■ **Your goal**
Copying rule for the data below: pictures stay out, and only the lines from the one with "Lila och pärlarmband med berlocker" down to the one with "Spacious backyard with", inclusive, are repeated exactly.

■ **Recorded information**

——————————

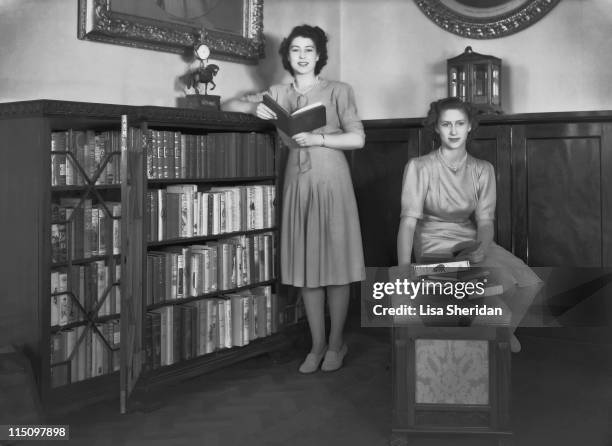 Princess Elizabeth and her sister Princess Margaret in a library in Buckingham Palace on July 19, 1946.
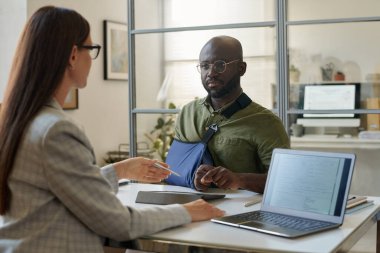 Yaralanan Afrikalı Amerikalı bir adam sigorta acentasıyla ofisinde toplantı yapıyor.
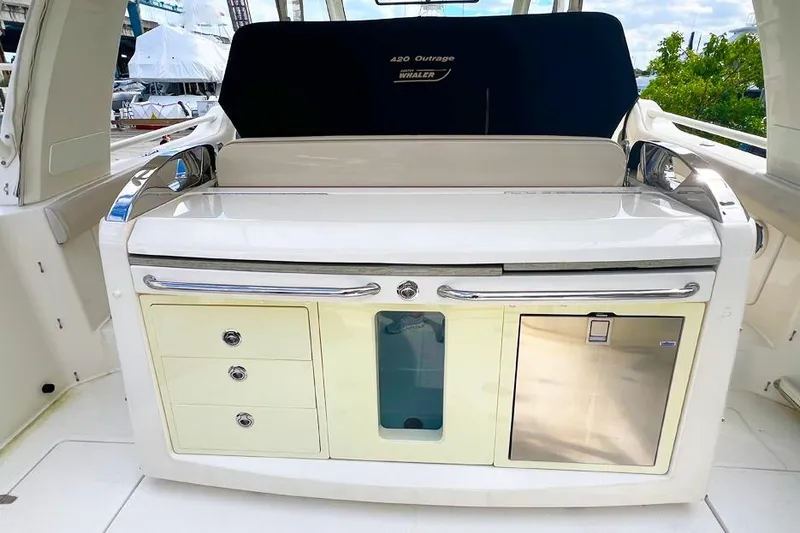 Slide: The Image of 2018 Boston Whaler 420 Outrage boat interior with storage and seating area. - 7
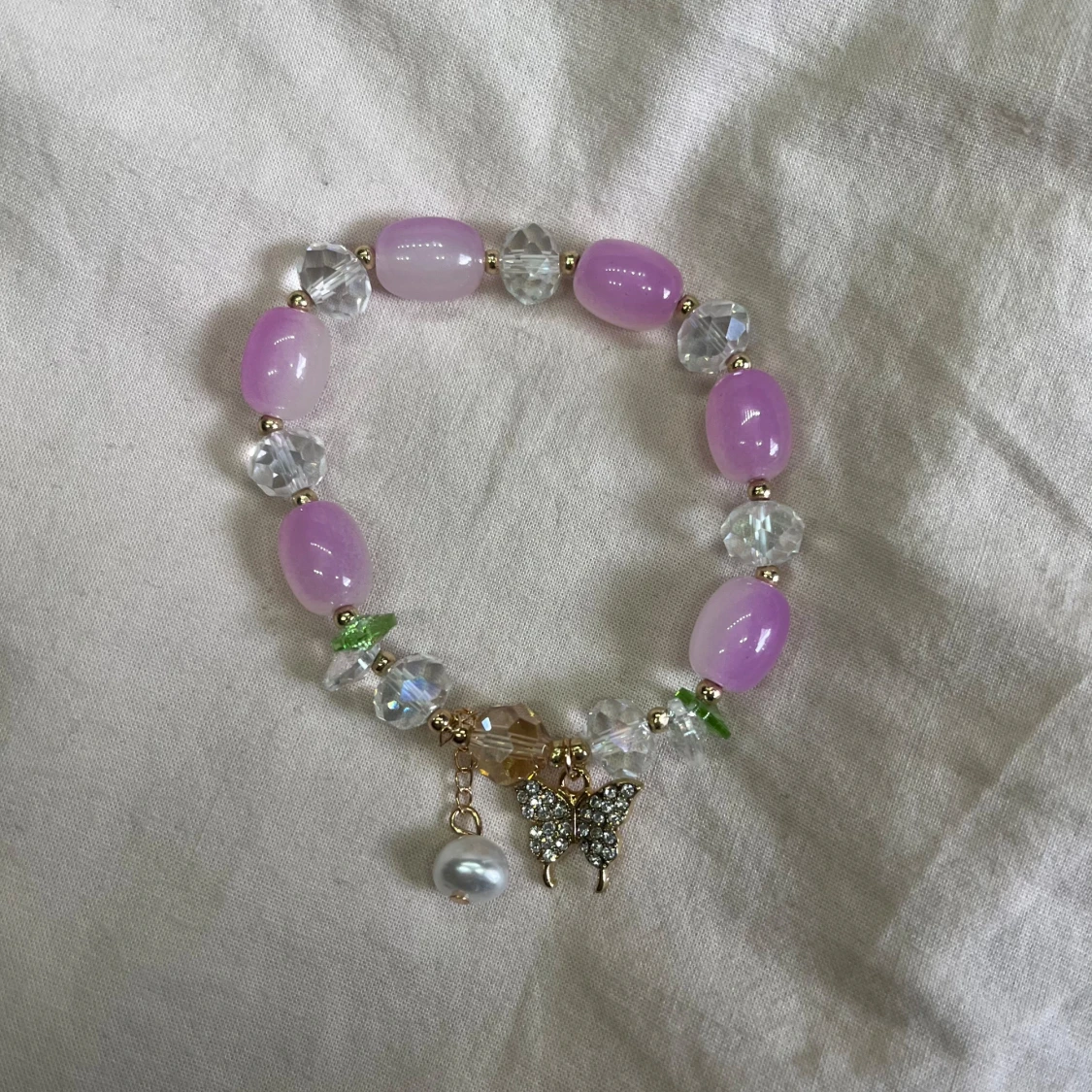Lila och pärlarmband med berlocker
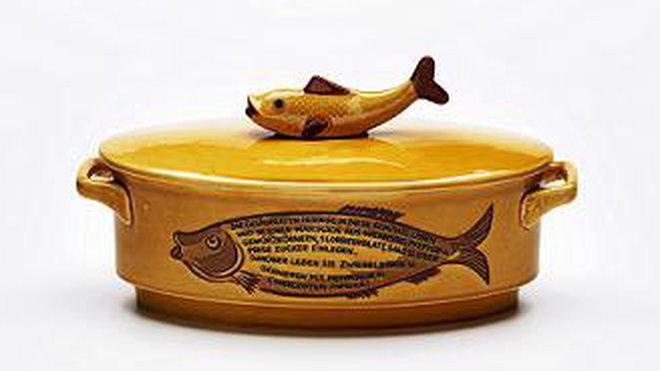 Haute en couleurs, cette terrine à harengs est l’œuvre de la faïencerie Staffel (Hesse, Allemagne). Réalisée en grès vernissé, elle date des années 1950 et « a été produite pour un usage professionnel (restaurants, brasseries) et une recette de harengs marinés a été inscrite sur son flanc en y reproduisant la forme du poisson. »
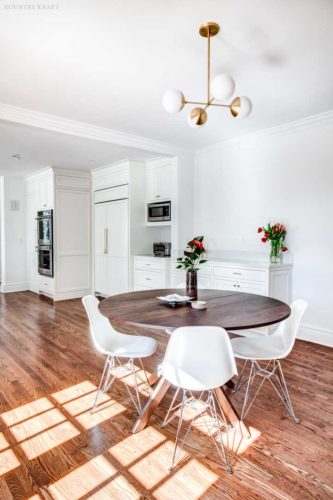 White kitchen with small round table, four chairs, and cabinetry Short Hills, NJ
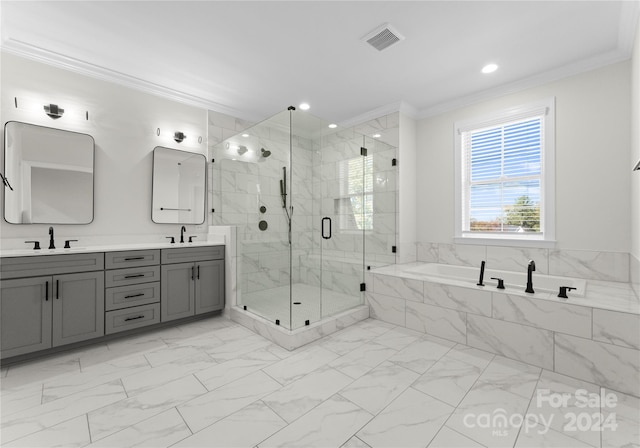 bathroom featuring crown molding, vanity, and independent shower and bath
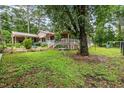 Spacious backyard with a charming patio, fenced garden area, and mature trees at 608 20Th St, Butner, NC 27509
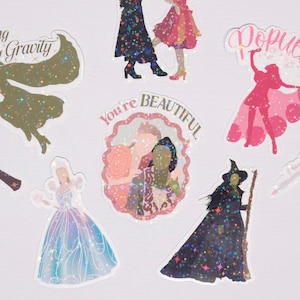 May include: A collection of colorful stickers featuring illustrations of fairytale characters and the text "You're Beautiful". The stickers have a glittery, holographic effect, with various shades of pink, blue, green, and black. The stickers are in various shapes and sizes.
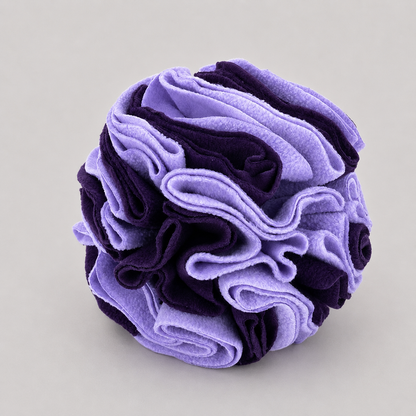 Purple and black textured ball on a grey background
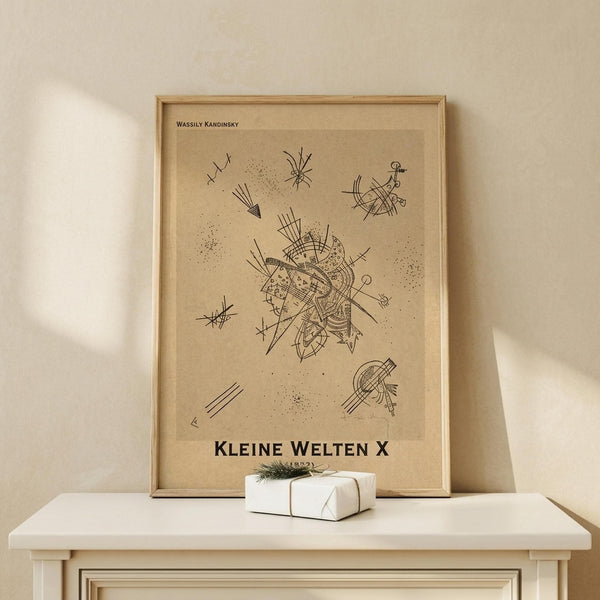 May include: Abstract art print in light wood frame showing geometric black line drawings on beige background, featuring intersecting lines, dots, and angular shapes in Kandinsky's distinctive style. Displayed on white wooden table beside small wrapped white gift box with twine and greenery sprig against cream colored wall with soft natural lighting.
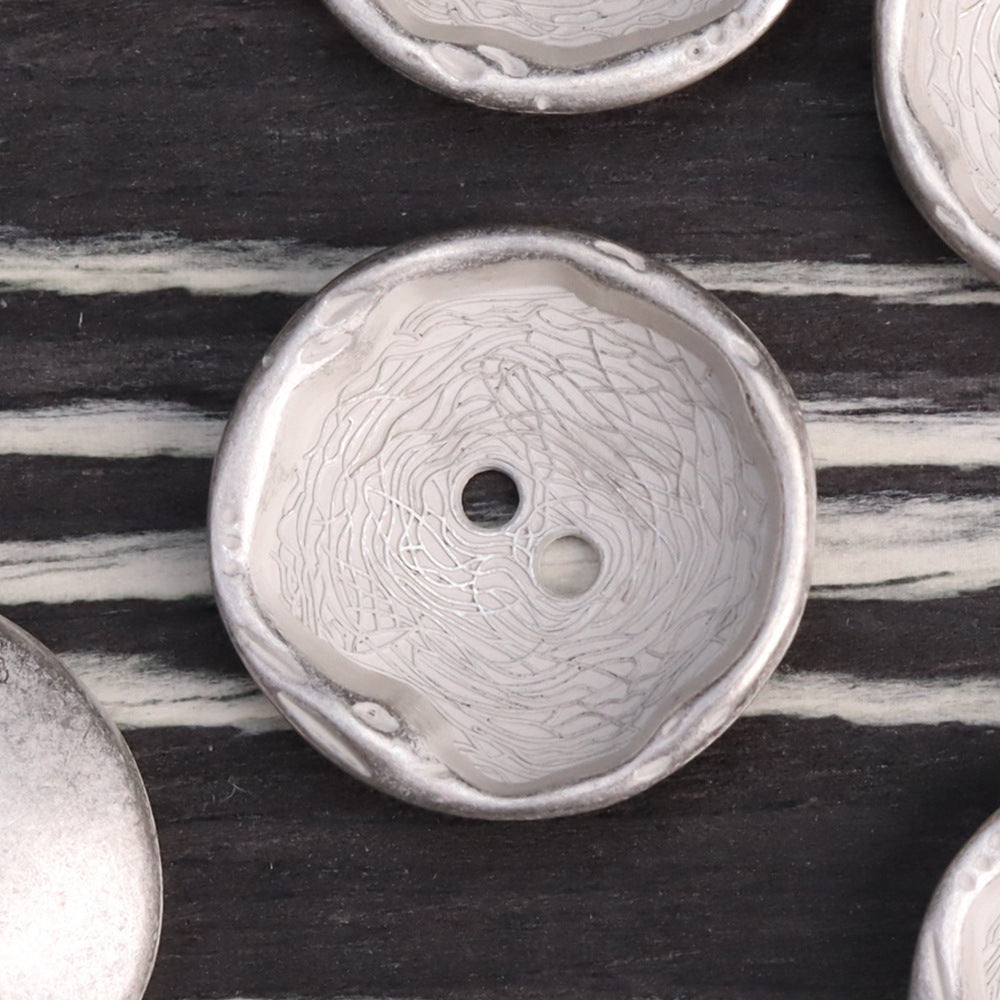 Antique silver 2-hole metal button with embossed swirls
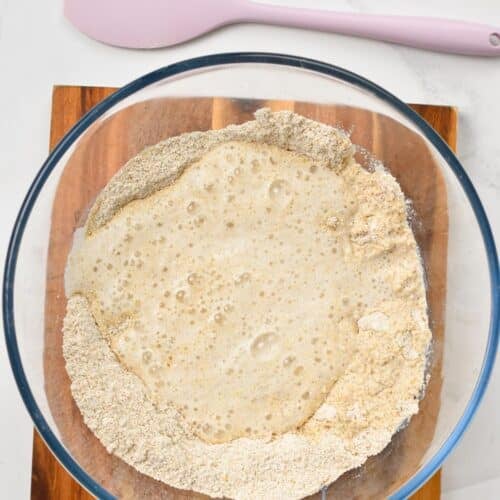 a mixing bowl with oat flour bread mixture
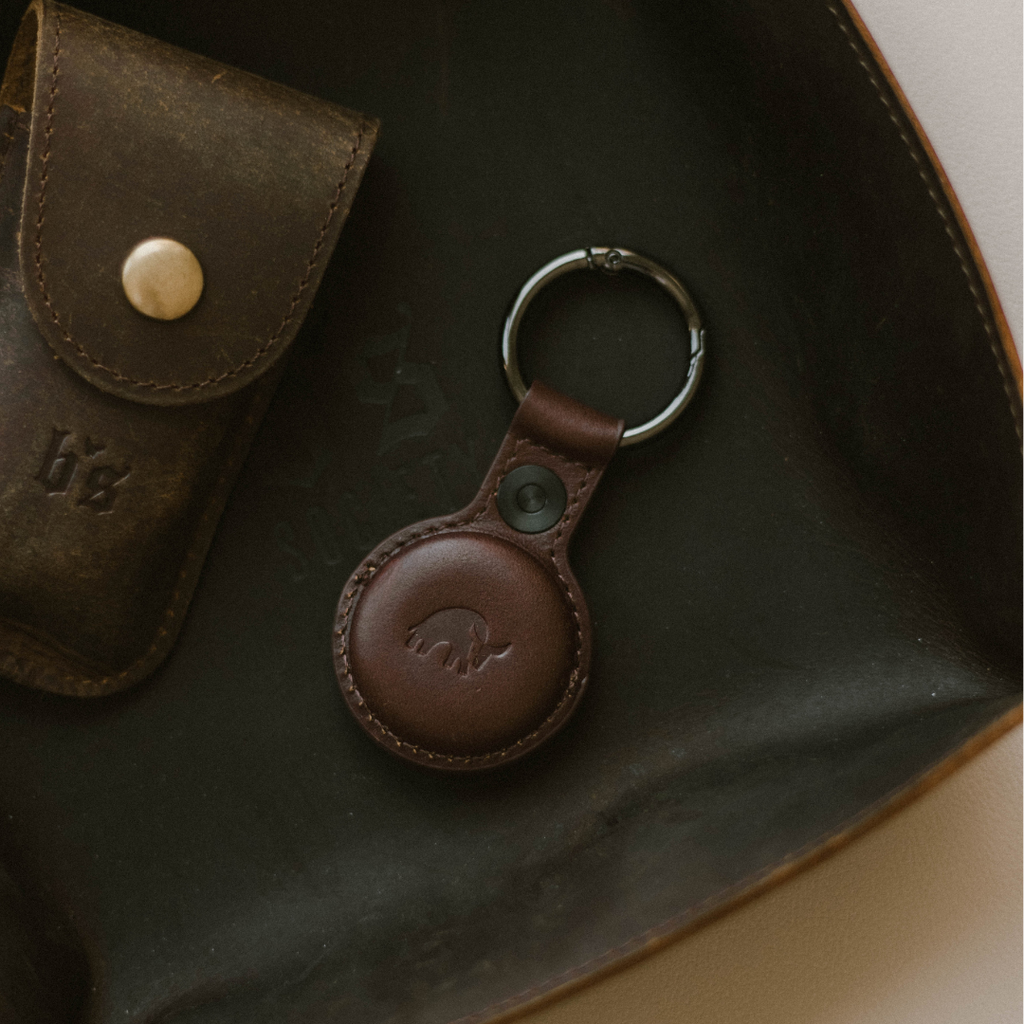 Top-down view of BullTag leather AirTag keyring showcasing embossed bull logo, snap closure, and metal keyring on a dark leather tray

——————————

■ **Task answer**
Lila och pärlarmband med berlocker
 Haute en couleurs, cette terrine à harengs est l’œuvre de la faïencerie Staffel (Hesse, Allemagne). Réalisée en grès vernissé, elle date des années 1950 et « a été produite pour un usage professionnel (restaurants, brasseries) et une recette de harengs marinés a été inscrite sur son flanc en y reproduisant la forme du poisson. »
 White kitchen with small round table, four chairs, and cabinetry Short Hills, NJ
 bathroom featuring crown molding, vanity, and independent shower and bath
 Spacious backyard with a charming patio, fenced garden area, and mature trees at 608 20Th St, Butner, NC 27509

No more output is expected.